Mas recientemente, desde el pasado 26 de junio, se han multiplicado las noticias sobre misteriosos incendios y explosiones en territorio iraní, afectando a refinerías de petróleo, plantas de energía (en Shiraz y Ahwaz) e importantes fábricas y empresas, incluyendo un centro de producción de combustible líquido para misiles balísticos en Khojir, próximo a Parchin, y otro de desarrollo de centrifugadoras de última generación en la central atómica de Natanz. El suceso más reciente ha dejado sin suministro eléctrico a las ciudades de Qods y Garmdareh, donde se localizan al menos dos instalaciones militares subterráneas, una planta vinculada con el programa de armas químicas y otro centro de producción militar. De momento, el régimen iraní ha preferido definirlos todos ellos como accidentes, reconociendo que el que ha afectado a Natanz puede retrasar sustancialmente sus planes de desarrollo y producción de centrifugadoras avanzadas.
Pero mientras se dilucida si todo esto es debido a los fallos de un sistema nacional crecientemente estresado por el impacto de las duras sanciones impuestas por Washington desde mayo de 2018, poniendo a prueba la paciencia de la población y la capacidad de aguante del régimen, ya es bien visible que la estrategia de “máxima presión” estadounidense no solo no está surtiendo efecto, sino que está provocando aún más problemas. Por un lado, ya se ha confirmado el giro ultraconservador en el nuevo parlamento iraní, arruinando las opciones moderadas del presidente Hassan Rohaní, una vez que no solo no ha podido presentar un balance positivo a la población tras el acuerdo de 2015, sino que la situación actual ha vuelto a agravar el malestar diario de los 80 millones de iraníes. Y todavía quedan las elecciones presidenciales previstas para el próximo año, que pueden llevar a un más radical y desestabilizador enrocamiento iraní.
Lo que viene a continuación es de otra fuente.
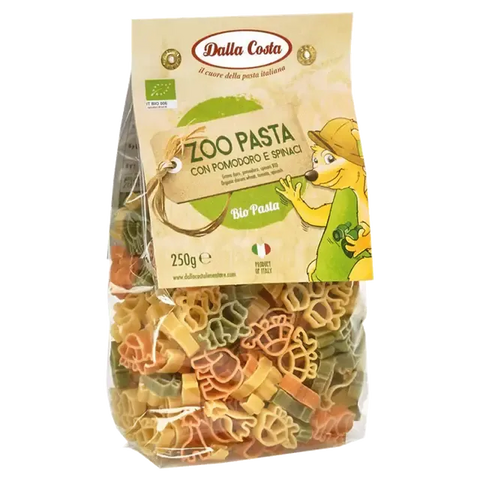 Dalla Costa Zoo Kids Pasta - Tomato & Spinach 250g | Dalla Costa In Lebanon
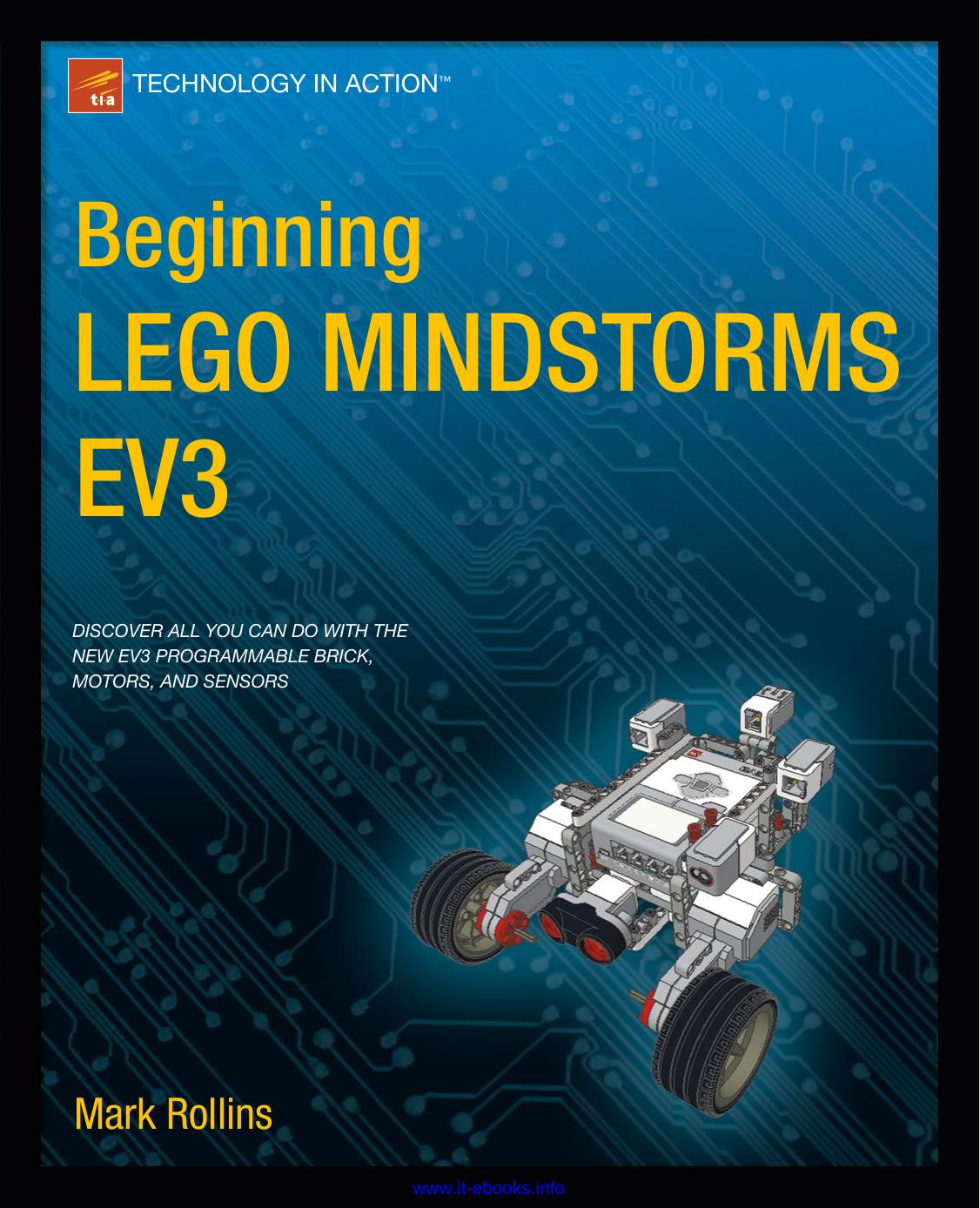 Beginning Lego Mindstorms Ev3 Mark Rollins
Por otro lado, es igualmente obvio que Irán sigue entrometiéndose en los asuntos de sus vecinos, aunque solo sea por contar con bazas con las que poder responder a quienes buscan su ruina, y continúa avanzando en su programa misilístico, incluyendo el lanzamiento de su primer satélite militar el pasado abril. Esto significa, en otras palabras, que el rumbo adoptado por Donald Trump, dejando de cumplir su compromiso como firmante e imponiendo nuevas sanciones, no mejora lo que el acuerdo de 2015 ya estaba logrando, tal como confirmaba sistemáticamente la Agencia Internacional de la Energía Atómica.
Por último, duramente castigado y convencido ya de la falta de voluntad de la Unión Europea para contrarrestar la presión de Washington en su intento de cerrarle todas las puertas comerciales para vender sus hidrocarburos y recibir inversiones que le permitan modernizar su estructura productiva, Teherán parece dispuesto a lanzarse en brazos de Pekín. Aunque todavía no es oficial, ya el ministerio de exteriores iraní apunta abiertamente a la firma de un acuerdo estratégico con China, el único actor que parece capacitado para resistir el envite estadounidense en el marco de una guerra comercial que apunta al alza. Lo que de momento se ha ido dando a conocer plantea un acuerdo para los próximos 20 años por el que, a cambio de hidrocarburos iraníes, China (que importa unos 10 millones de barriles diarios, equivalente al 75% de sus necesidades de petróleo) acabará desarrollando más de un centenar de proyectos valorados en unos 400.000 millones de dólares en ámbitos que van desde las infraestructuras físicas, al desarrollo de tecnologías de 5G y la ampliación a Irán del sistema de navegación satelital chino, Beidou.
A ese componente comercial e inversor se suma un ambicioso programa de cooperación en el terreno militar, no solo con ejercicios conjuntos y desarrollo y producción de sistemas de armas (contando con que, a partir de octubre, Irán quedará liberado del embargo de armas que le impuso la Resolución 2231 del Consejo de Seguridad), sino también compartiendo inteligencia entre sus diferentes servicios. En definitiva, un giro estratégico, que cuenta con el apoyo del líder supremo, Ali Jamenei, y que, si finalmente recibe la aprobación del parlamento iraní, supone no solo una vía de supervivencia para el régimen iraní, sino un paso decisivo de Pekín en sus aspiraciones de liderazgo global.